|Rosa 'Westerland' 21 May 2023|
My artistic isolation deepens as I live in an empty house because of a recent top to bottom flood. On Wednesday the restoration experts will be tearing down walls and making holes in ceilings. They will be removing floors.
The folks that took my furniture, etc, for storage rarely asked me about what to leave. Luckily I was wearing shoes as they took all my shoes that were at the entrance. My mugs were gone so I had to buy a large glass beer mug at a dollar store to make my tea.
I have idle time as I am an obsolete, redundant, retired & inconsequential magazine photographer awaiting my inevitable and statistically soon oblivion.

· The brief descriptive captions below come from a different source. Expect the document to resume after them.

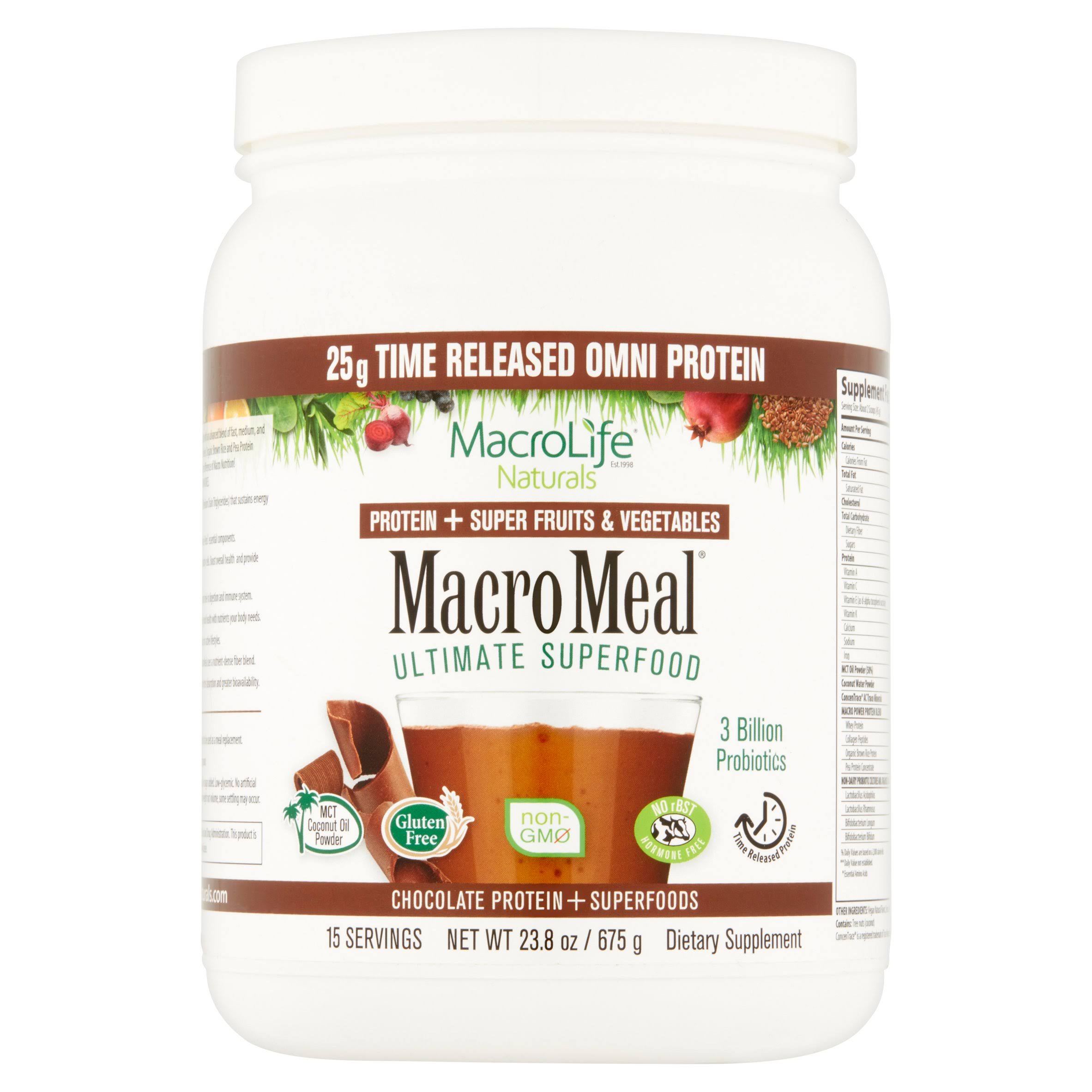 Macrolife Naturals Macro Meal Superfood - Chocolate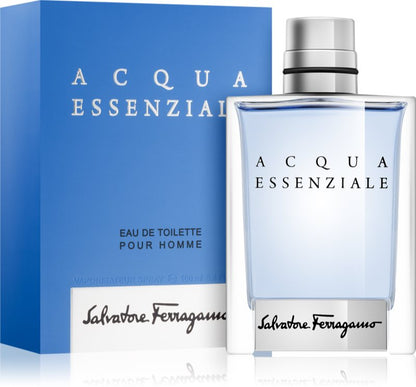 Salvatore Ferragamo Acqua Essenziale Eau de Toilette 100ml bottle and box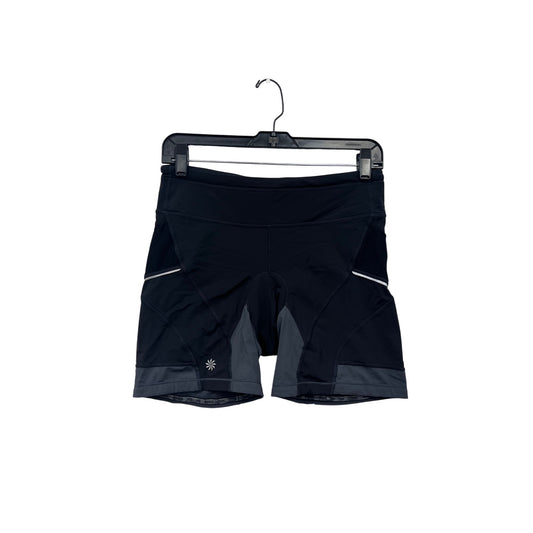 Athleta Womens Medium Black & Gray Athletic Biker Shorts #6799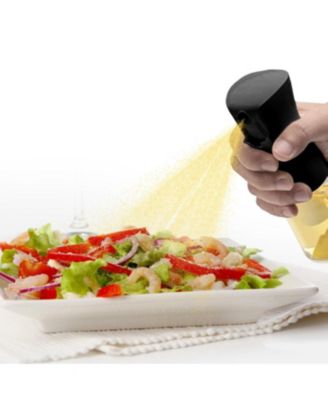 Set of 2 Glass Oil Spray Bottles - 200ml (6.7oz)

Meanwhile as my grandmother often told me, “When the devil is bored he swats flies with his tail.” In May I am in the absolute beginning (the best time) period of my scanning roses and other plants in my garden. I began this in the summer of 2001 and I have amassed over 3000 scans. What will happen to them when I am gone is of no consequence. What is important is that the scanning, which includes the arranging of the rose leaves (and picking nice leaves) is lots of fun. It is a distraction from my grief over Rosemary’s death on 9 December 2020. But the distraction is not always the right one. When I scan some of her favourite roses I think about her and I wish she were here to smell them and admire their colour and shape.
This is much the case with this orange rose, Rosa ‘Westerland’. For years Rosemary banned reds, yellows and oranges from our Kerrisdale garden. Westerland won her over particularly when I told her that its scent resembled my idea of synthetic apricot jam. Best of all my scan of Westerland made the cover of Canadian Gardening and I believe it may have been the first time a scanned flower made it there.
In my large collection of rose scans this rose appears many times every year. Every time I see a bloom I am tempted. This scan represents the first bloom of Westerland.
I have scanned it twice. In the second scan I put some translucent plastic sheet over it to get the result that I especially like.
And, I am not going to persist in worrying about my isolation from this pleasant task of scanning roses without my Rosemary.